1. Use the identity \(\cot 2x = \frac{\cot^2 x - 1}{2\cot x}\) to express \(\cot 2x\) in terms of \(\cot x\).

2. Substitute into the equation: \(\frac{\cot^2 x - 1}{2\cot x} + \cot x = 3\).

3. Multiply through by \(2\cot x\) to clear the fraction: \(\cot^2 x - 1 + 2\cot^2 x = 6\cot x\).

4. Simplify to get: \(3\cot^2 x - 6\cot x - 1 = 0\).

5. Let \(y = \cot x\), then the equation becomes \(3y^2 - 6y - 1 = 0\).

6. Solve the quadratic equation using the quadratic formula: \(y = \frac{-b \pm \sqrt{b^2 - 4ac}}{2a}\), where \(a = 3, b = -6, c = -1\).

7. Calculate the discriminant: \(b^2 - 4ac = 36 + 12 = 48\).
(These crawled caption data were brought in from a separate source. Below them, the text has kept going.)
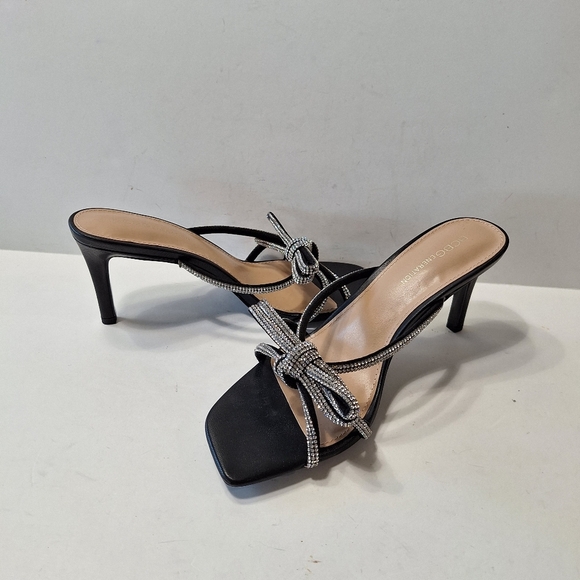 BCBGeneration Selma Rhinestone Embellished Dressy Bow Heel Sandals Size 8.5 - Picture 8 of 13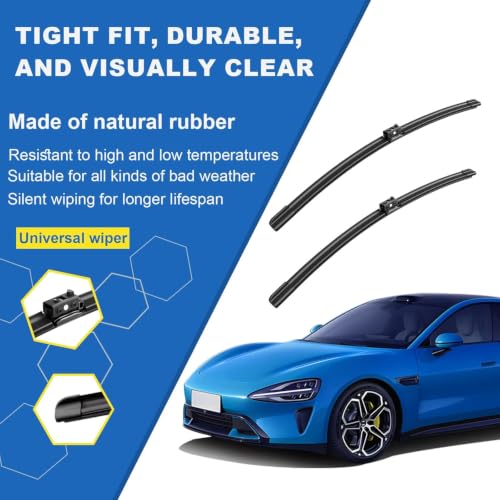 Essuie-glaces BMW 5 Series F10 sans traces : kit de 3 balais avant contre la pluie
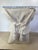 Late 20th Century John Dickinson Style Plaster Faux Bois Draped Rope and Tassel Side Table For Sale - Image 9 of 11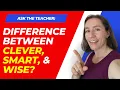 What s the difference between clever smart and wise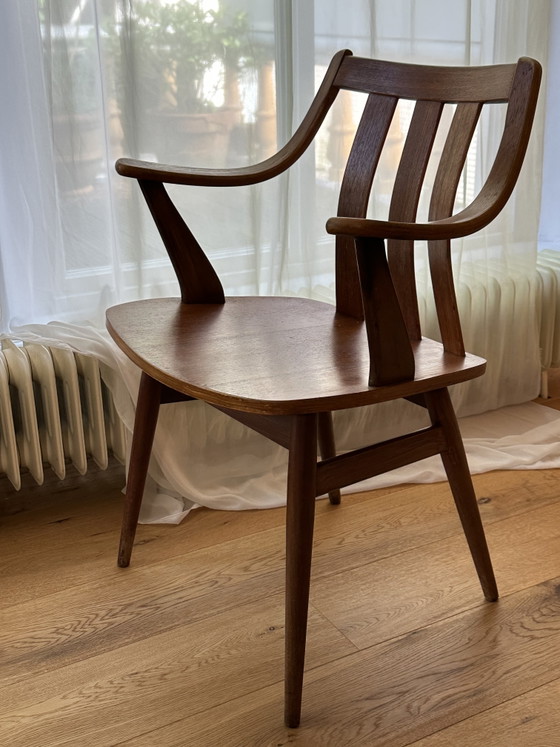 Image 1 of 4x mesa de comedor Pastoe sillones Cees Braakman de mediados de siglo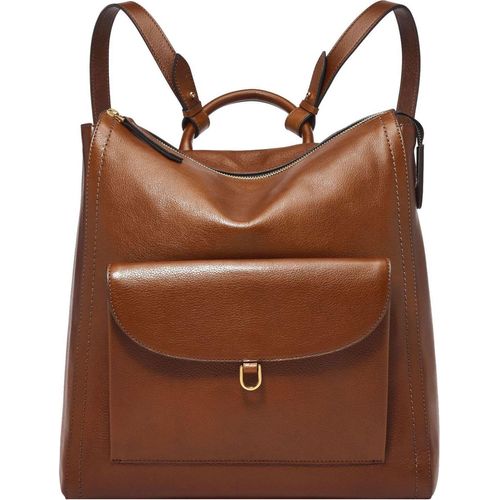 FOSSIL Freizeitrucksack Schultertasche Parker Backpack Brown braun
8. Solve for \(y\): \(y = \frac{6 \pm \sqrt{48}}{6}\).

9. Simplify to find \(y = 3 \pm \sqrt{3}\).

10. Find \(x\) using \(x = \cot^{-1}(y)\).

11. Calculate \(x\) for \(y = 3 + \sqrt{3}\) and \(y = 3 - \sqrt{3}\) within the interval \(0^\circ < x < 180^\circ\).

12. The solutions are \(x = 24.9^\circ\) and \(x = 98.8^\circ\).